Imagining an Imperial Future: Partition Planning in British Mandate Palestine

Saturday, January 6, 2018: 1:30 PM
Maryland Suite A (Marriott Wardman Park)
Penny Sinanoglou, Wake Forest University
This paper examines how British officials inscribed an imagined future imperial presence on Palestine as they mapped out partition plans and the contours of new independent states from the late-1920s to late-1930s. Neither the imagined new states nor the British areas of control were in the end realized in the forms delineated on the se maps and in these plans, but the planning itself tells us a good deal about the tensions between imperialism and decolonization at a particular moment in the interwar British empire. The partition plans also raise questions about the boundary between earnest policy proposals and more experimental imperial imaginings, and the role each type of thinking played in the end of empire.
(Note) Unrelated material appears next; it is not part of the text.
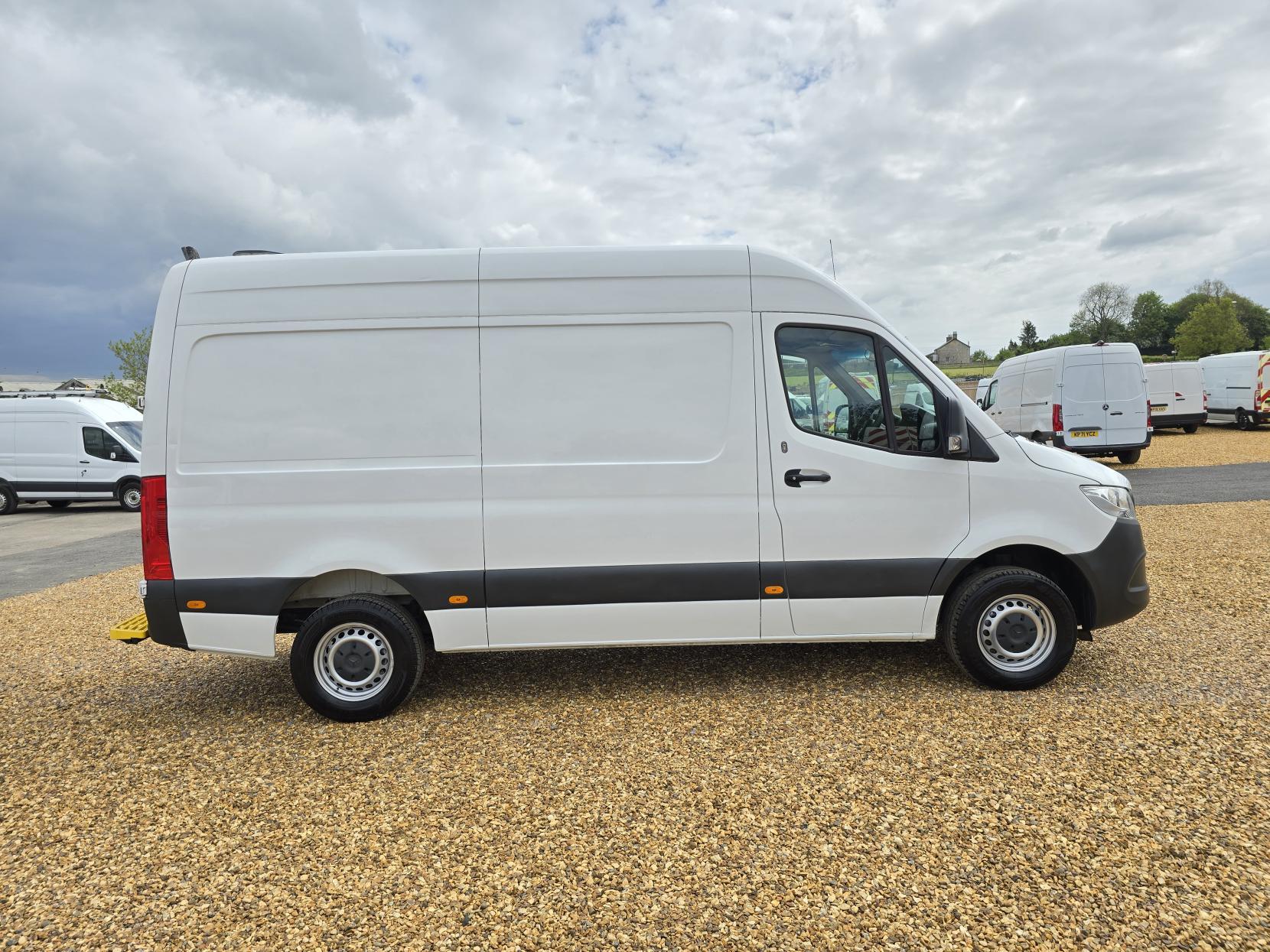 Mercedes-Benz Sprinter 2.1 316 CDI Panel Van 5dr Diesel Manual RWD L2 H2 Euro 6 (163 ps)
Through an examination of private papers, administrative documents, maps and reports, this paper highlights the often cross-cutting ways in which partition worked as both an abstract concept and as a worked out policy proposal. British imperial careers and cross-imperial thinking that were critical to the genesis and development of partition plans for Palestine in the 1920s and 1930s, and so, not surprisingly, partition proposals envisioned a permanent, albeit altered, British imperial future in Palestine. Paying close attention to those alterations, this paper proposes that we read partition plans as encoding a new kind of ethno-national imperial sovereignty.